As illustrated in FIGS. 1 to 3, the shape of the insulative body 10 is generally an upright rectangle which comprises a docking section 11 in the front and a mounting section 12 in the rear, the front surface 110 of the docking section 11 is perpendicular to the bottom surface 120 of the mounting section 12, when the power connector 1 is mounted onto the circuit board 3, the bottom surface 120 of the mounting section 12 is disposed on the circuit board 3 and the docking section 11 and whose front surface 110 are extended out of the edge of the circuit board 3 to be docked with the receptacle connector 2 (please also refer to FIG. 10).
As illustrated in FIGS. 1 and 6, an inserting slot 13 is formed in the front surface of the docking section 11 of the insulative body, which is extending inward to define an accommodating chamber 14 having an upright center plate 15 dispose in the middle.

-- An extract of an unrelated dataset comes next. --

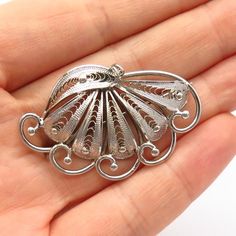 925 Sterling Silver Vintage Filigree Fan Design Pin BroochWeight: 7.2gWELCOME TO PAWN SHOPWe are an actual pawn shop and have been in business for over 25 years.Since 1990, our establishment has been serving a variety of clients by providing them with short term cash solutions and options of liquidity regarding their treasured heirlooms.Acknowledging that today′s customers are very sophisticated and are looking for a variety of investments, our acquisitions are hand-picked for our special client Luxury Engraved Brooches For Gift, Classic Silver Filigree Brooches, Classic Silver Brooches With Intricate Design, Ornate Filigree Pendant Brooch, Silver Filigree Brooch For Formal Occasions, Ornate Filigree Brooches For Collectors, Formal Silver Filigree Brooches, Vintage Filigree Pendant Brooch, Vintage Filigree Pendant Brooches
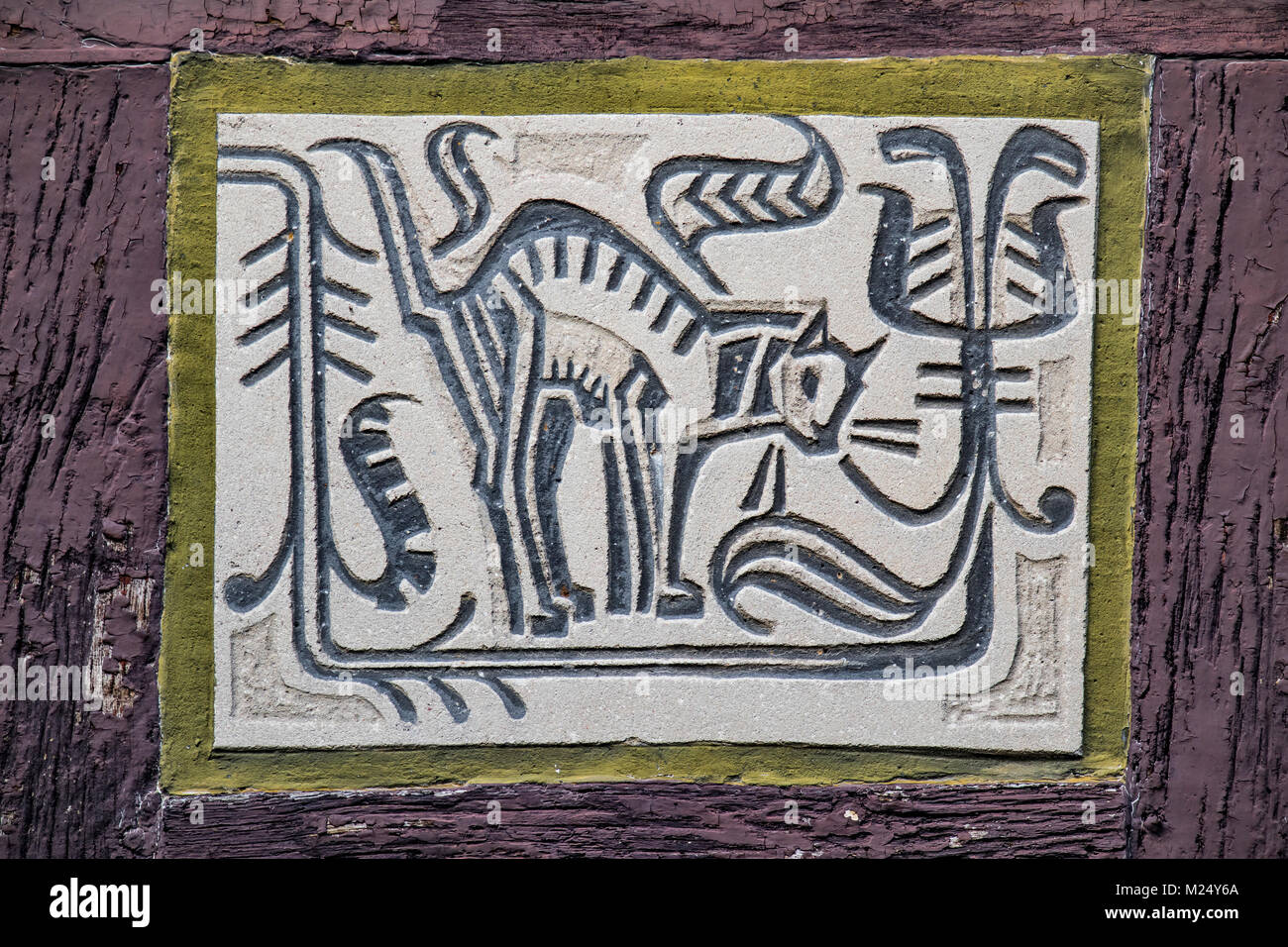 facade paintings at half-timbered house in old town of Alsfeld, Hesse, Germany, animal motif cat Stock Photo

As illustrated in FIGS. 2, 3 and 7, a terminal-mounting space 16 connecting the bottom surface 120 and rear surface 122 of the mounting section 12, and a plurality of terminal accommodating passages 17 passing through the terminal-mounting space 16 and the accommodating chamber 14 are formed in the mounting section 12 of the insulative body 10. The terminal-mounting space 16 can facilitate the mounting of the conductive terminal and insulative body and is also beneficial to the heat dissipation of the conductive terminal. In the present embodiment, the number of the terminal accommodating passages 17 is equal to that of the conductive terminals 20, 30, 40 and 50, and is also counted four. In the present invention, an upright spacer 18 is formed between the terminal accommodating passages 17, yet in consideration of heat dissipation, the spacer 18 is not formed completely covering the terminal-mounting space 16 but extending a small distance downward.

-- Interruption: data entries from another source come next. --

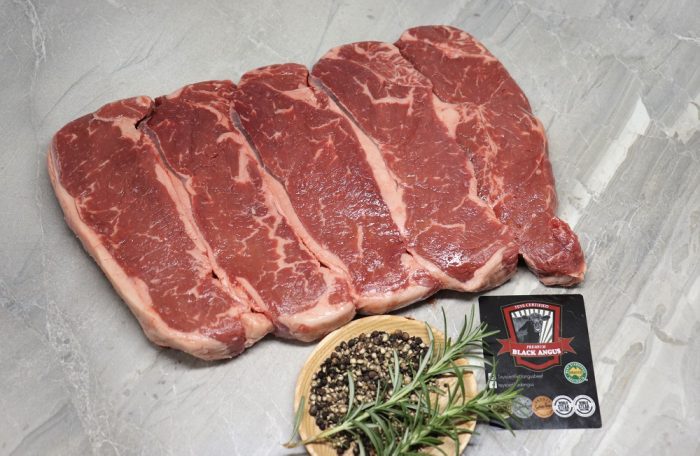 Sliced Black Angus Porterhouse Steak Grass Fed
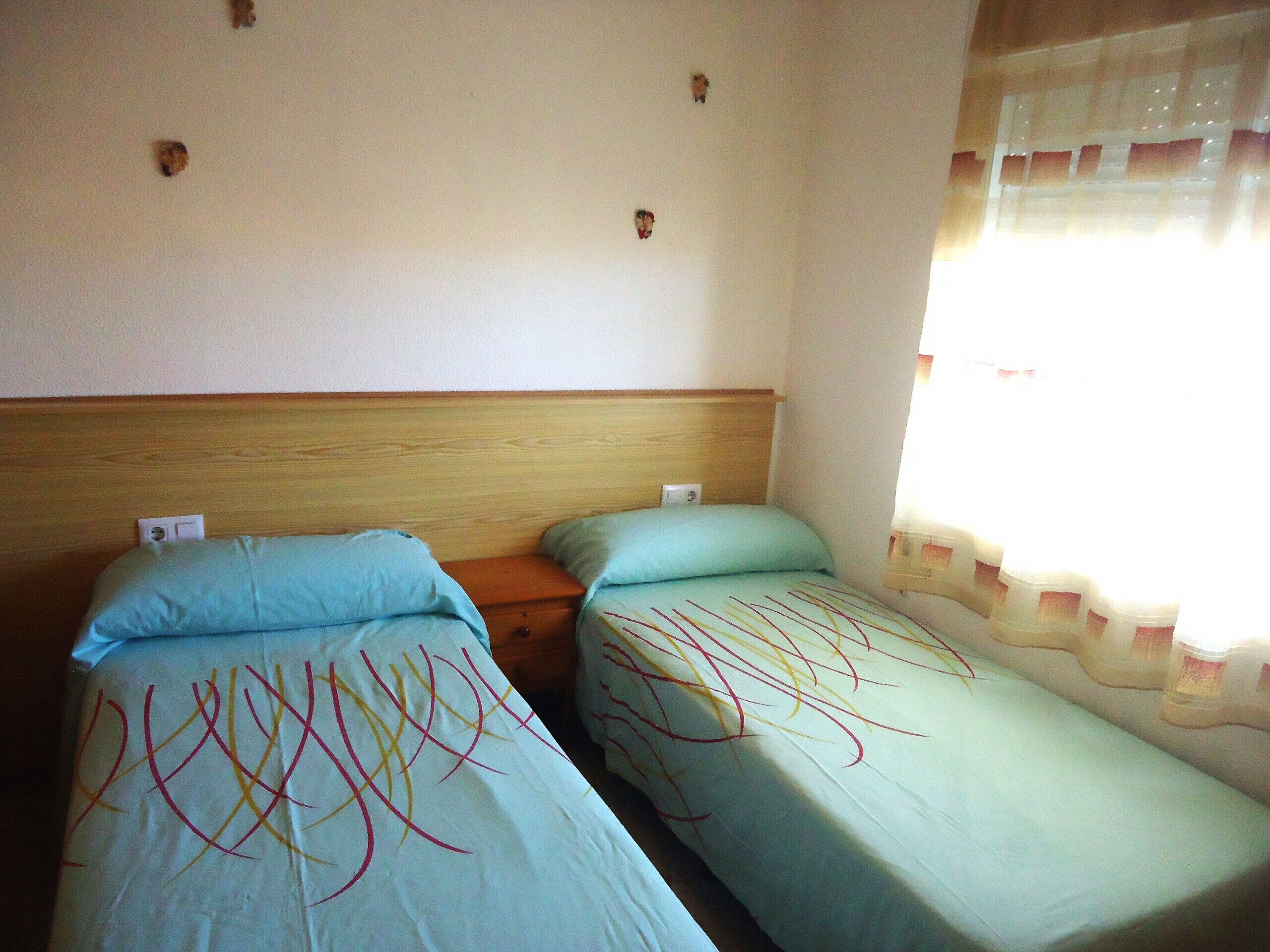 Una habitación con dos camas individuales, cabeceros de madera y una ventana con cortinas.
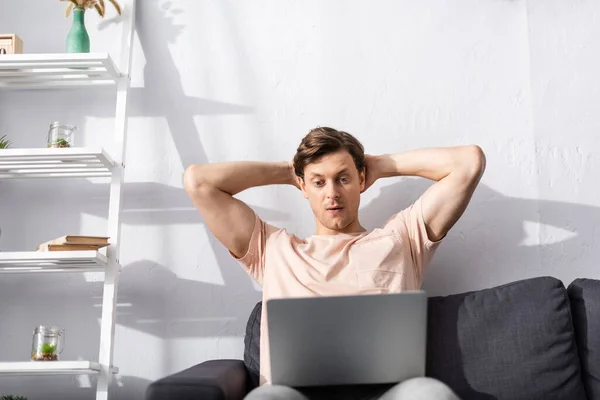 Selective focus of concentrated freelancer with hands behind head looking at laptop on couch, earning online concept — Stock Photo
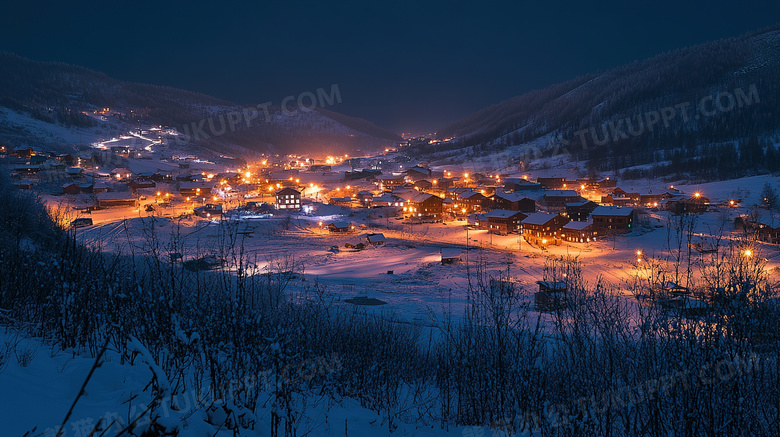 冬天村庄灯火夜景雪景图片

As illustrated in FIGS. 4 and 5, the first conductive terminal 20, second conductive terminal 30, third conductive terminal 40 and forth conductive terminal 50 are generally of the same structure and are mounted into the insulative body 10 in parallel (please also refer to FIG. 4), wherein the first conductive terminal 20 is symmetrical to the forth conductive terminal 50 and the second conductive terminal 30 is symmetrical to the third conductive terminal 40. During mounting, the first conductive terminal 20 and the second conductive terminal form a first group and the third conductive terminal 40 and forth conductive terminal 50 form a second group. Please refer to the following description for details of the structure.
As illustrated in FIG. 5, the first conductive terminal 20 is provided with an upright base plate 21 having a first side 210 and a second side 212, a plate-shaped contact portion 22 bending and extending forward from the upper half of the first side 210 of the base plate 21, and multiple tails 23 extending downward from the second side 212 of the base plate, wherein the first side 210 is perpendicular to the second side 212 of the base plate 210.

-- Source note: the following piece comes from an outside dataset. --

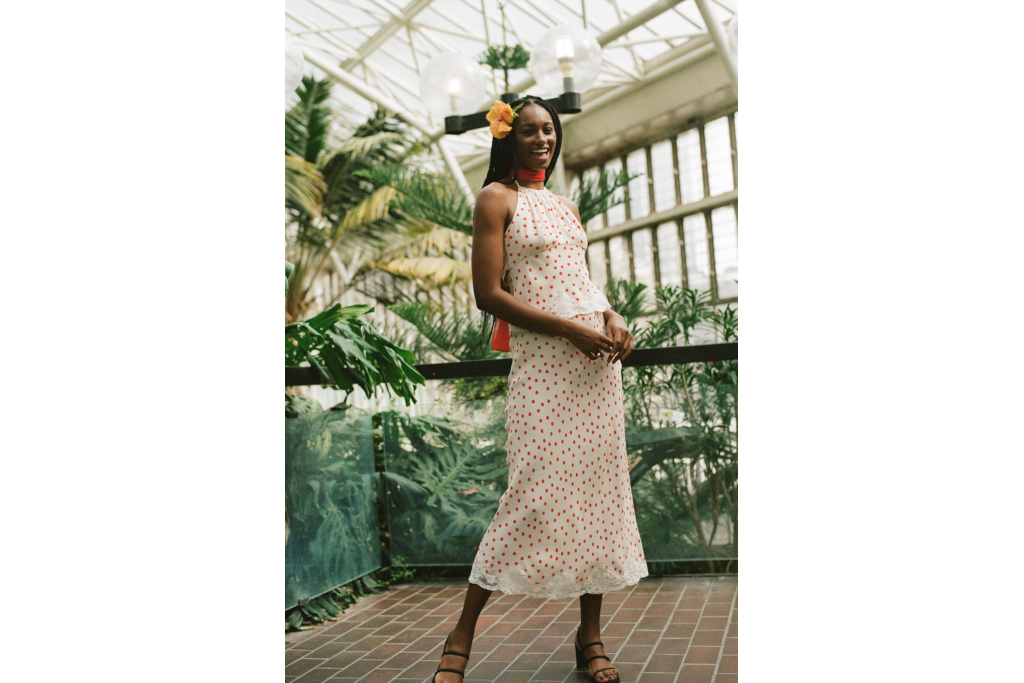 Model in white top and skirt with red spots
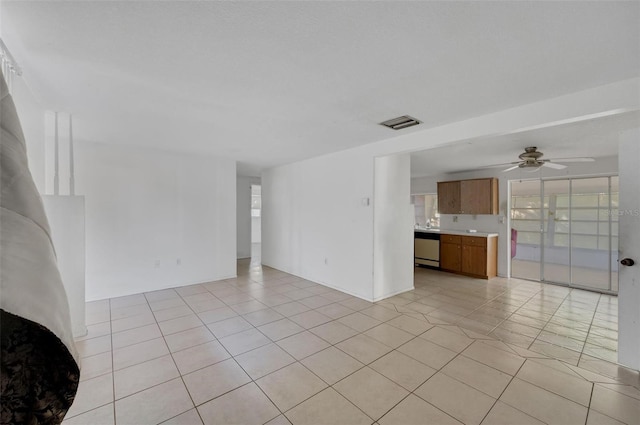 unfurnished living room featuring ceiling fan and light tile patterned floors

As illustrated in FIG. 5, the first conductive terminal 30 is provided with an upright base plate 31 having a first side 310 and a second side 312, a plate-shaped contact portion 32 bending and extending forward from the lower half of the first side 310 of the base plate 31, and multiple tails 33 extending downward from the second side 312 of the base plate, wherein the first side 310 is perpendicular to the second side 312 of the base plate 31.
As illustrated in FIG. 5, in the present invention, the plate-shaped contact portion 22 of the first conductive terminal 20 is bent toward the second conductive terminal 30 and then extending forward and the plate-shaped contact portion 32 of the second conductive terminal 30 is bent toward the first conductive terminal 20 and then extending forward. Therefore, the plate-shaped contact portion 22 of the first conductive terminal 20 and the plate-shaped contact portion 32 of the second conductive terminal 30 are ranged straight in line up and down, that is, the two contact portions 22, 32 form an upright contact plane jointly, please also refer to FIG. 4.
As illustrated in FIG. 5, the third conductive terminal 40 is structurally symmetrical to the second conductive terminal 30, the third conductive terminal 40 is also provided with an upright base plate 41 having a first side 410 and a second side 412, a plate-shaped contact portion 42 bent and extending forward from the lower half of the first side 410 of the base plate 41, and a plurality of tails 43 extending downward from the second side 412 of the base plate 41, wherein the first side 410 of the base plate 41 is perpendicular to the second side 412. The only difference between the third conductive terminal 40 and the second conductive terminal 30 is that the bending direction of the plate-shaped contact portion 42 of the third conductive terminal 40 is opposite to that of the plate-shaped contact portion 32 of the second conductive terminal 30.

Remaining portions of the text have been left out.